• Problem statement:
Without any images, write the listing below out word for word.

• Data:
——————
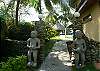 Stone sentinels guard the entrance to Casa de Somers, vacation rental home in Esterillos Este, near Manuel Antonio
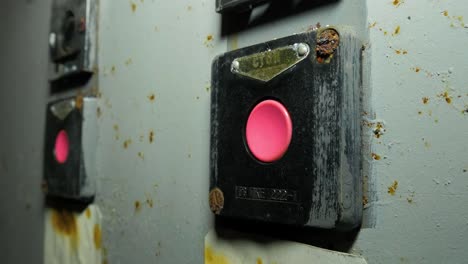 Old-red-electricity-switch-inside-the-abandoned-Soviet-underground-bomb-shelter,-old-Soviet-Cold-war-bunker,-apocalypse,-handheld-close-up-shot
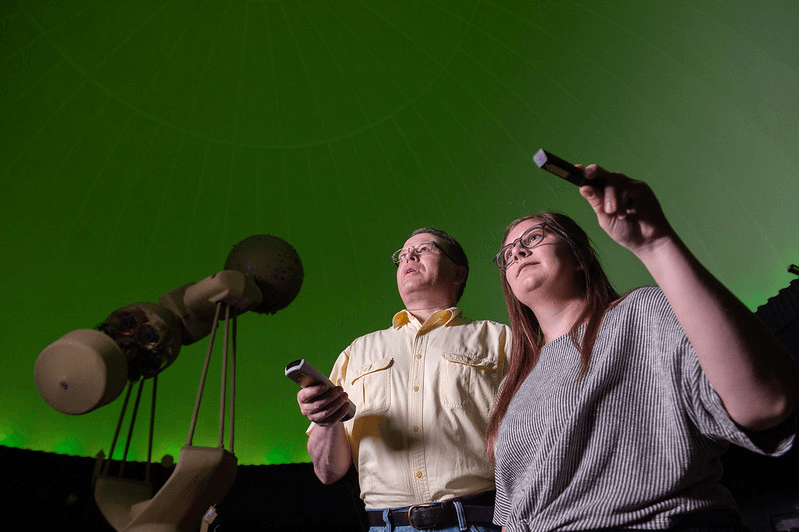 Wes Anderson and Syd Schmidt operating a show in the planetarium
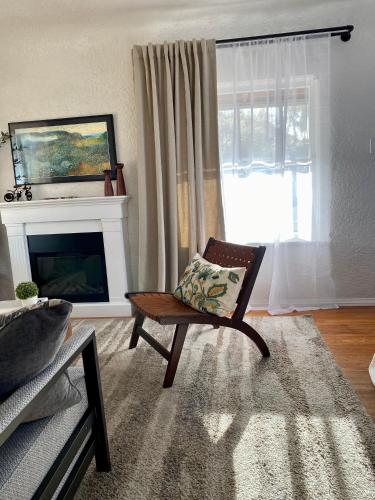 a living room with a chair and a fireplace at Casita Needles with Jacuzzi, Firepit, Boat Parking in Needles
——————
• Written answer:
 Stone sentinels guard the entrance to Casa de Somers, vacation rental home in Esterillos Este, near Manuel Antonio
 Old-red-electricity-switch-inside-the-abandoned-Soviet-underground-bomb-shelter,-old-Soviet-Cold-war-bunker,-apocalypse,-handheld-close-up-shot
 Wes Anderson and Syd Schmidt operating a show in the planetarium
 a living room with a chair and a fireplace at Casita Needles with Jacuzzi, Firepit, Boat Parking in Needles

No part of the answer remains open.